**Provided records**
----
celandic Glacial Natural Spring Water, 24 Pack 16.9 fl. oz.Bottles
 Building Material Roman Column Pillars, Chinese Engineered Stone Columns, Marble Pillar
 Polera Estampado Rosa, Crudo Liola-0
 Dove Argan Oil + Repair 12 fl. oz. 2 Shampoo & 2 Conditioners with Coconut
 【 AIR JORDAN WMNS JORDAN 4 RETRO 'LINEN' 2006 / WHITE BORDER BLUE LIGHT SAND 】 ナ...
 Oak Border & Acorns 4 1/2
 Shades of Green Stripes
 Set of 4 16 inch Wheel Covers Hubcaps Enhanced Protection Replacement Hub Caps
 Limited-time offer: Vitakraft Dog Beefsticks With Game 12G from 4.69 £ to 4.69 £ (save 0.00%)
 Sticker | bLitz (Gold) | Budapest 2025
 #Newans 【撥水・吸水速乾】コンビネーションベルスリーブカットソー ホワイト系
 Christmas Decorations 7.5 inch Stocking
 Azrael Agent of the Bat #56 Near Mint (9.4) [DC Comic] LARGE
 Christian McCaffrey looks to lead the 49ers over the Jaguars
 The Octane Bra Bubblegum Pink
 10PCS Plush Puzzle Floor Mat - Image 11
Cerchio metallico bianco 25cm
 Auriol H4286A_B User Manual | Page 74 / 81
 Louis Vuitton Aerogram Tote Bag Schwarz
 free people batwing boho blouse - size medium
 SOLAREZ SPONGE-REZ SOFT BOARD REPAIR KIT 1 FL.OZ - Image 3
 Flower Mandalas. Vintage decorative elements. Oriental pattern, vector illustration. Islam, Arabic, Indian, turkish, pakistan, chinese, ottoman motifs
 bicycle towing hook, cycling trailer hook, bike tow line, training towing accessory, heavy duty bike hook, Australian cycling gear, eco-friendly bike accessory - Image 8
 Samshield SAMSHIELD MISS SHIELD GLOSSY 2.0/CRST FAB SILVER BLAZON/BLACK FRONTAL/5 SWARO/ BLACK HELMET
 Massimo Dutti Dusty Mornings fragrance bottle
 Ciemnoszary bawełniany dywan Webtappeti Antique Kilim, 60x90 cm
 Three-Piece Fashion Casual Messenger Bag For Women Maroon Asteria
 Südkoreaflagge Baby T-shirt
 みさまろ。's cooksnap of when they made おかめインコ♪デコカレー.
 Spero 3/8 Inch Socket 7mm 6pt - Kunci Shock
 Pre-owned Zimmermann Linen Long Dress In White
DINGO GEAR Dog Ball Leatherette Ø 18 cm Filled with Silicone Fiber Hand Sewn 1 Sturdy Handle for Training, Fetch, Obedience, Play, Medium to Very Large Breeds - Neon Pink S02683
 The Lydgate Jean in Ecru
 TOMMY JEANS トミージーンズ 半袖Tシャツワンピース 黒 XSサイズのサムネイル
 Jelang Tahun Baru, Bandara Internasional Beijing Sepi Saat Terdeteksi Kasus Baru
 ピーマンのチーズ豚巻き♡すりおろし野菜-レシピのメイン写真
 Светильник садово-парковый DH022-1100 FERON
----
**Task directions**
When a line in the records holds the string "Image", copy that line.

**Answer for this exercise**
 10PCS Plush Puzzle Floor Mat - Image 11
 SOLAREZ SPONGE-REZ SOFT BOARD REPAIR KIT 1 FL.OZ - Image 3
 bicycle towing hook, cycling trailer hook, bike tow line, training towing accessory, heavy duty bike hook, Australian cycling gear, eco-friendly bike accessory - Image 8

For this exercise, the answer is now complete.